**YOUR ASSIGNMENT:** Transcribe the lines below exactly. No image belongs in the transcription.

**INFORMATION SHOWN:**
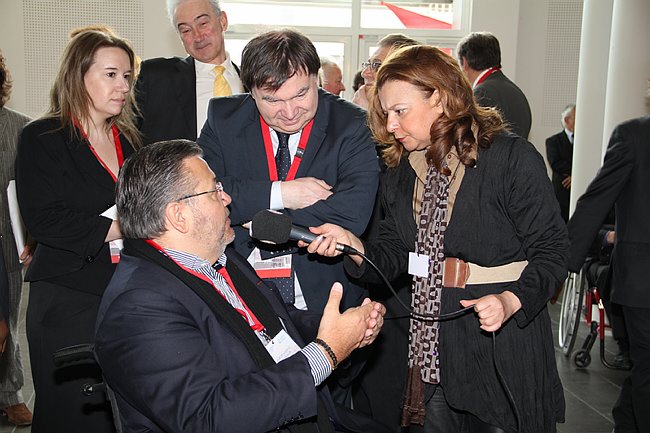 CM93-29.04.2010--011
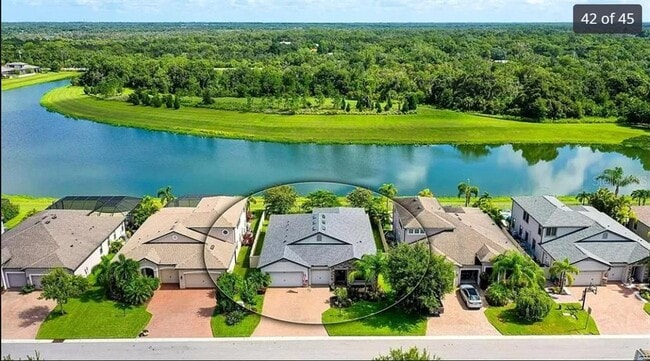 Building Photo - 727 129th St NE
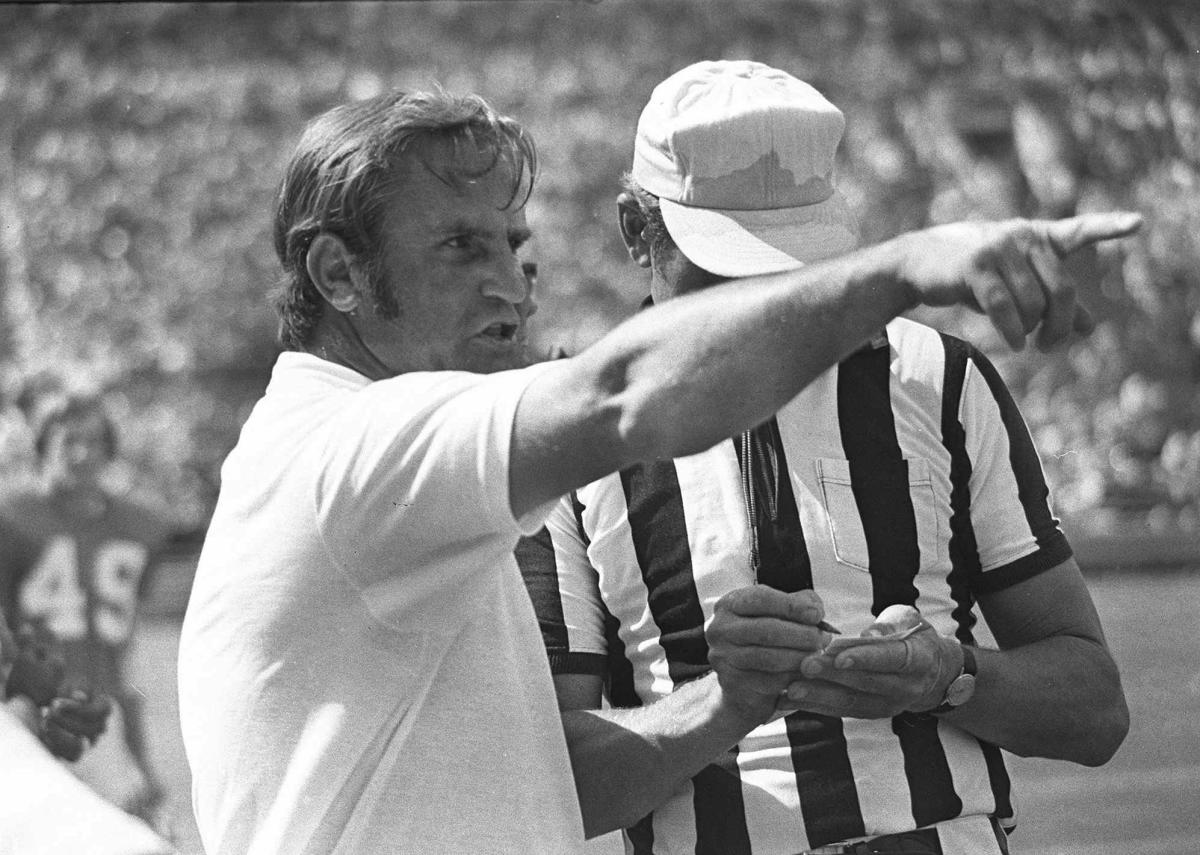 Don Shula, NFL's all-time winningest head coach and leader of undefeated  1972 Dolphins, dies at age 90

**RESPONSE TO THIS TASK:**
 CM93-29.04.2010--011
 Building Photo - 727 129th St NE
 Don Shula, NFL's all-time winningest head coach and leader of undefeated  1972 Dolphins, dies at age 90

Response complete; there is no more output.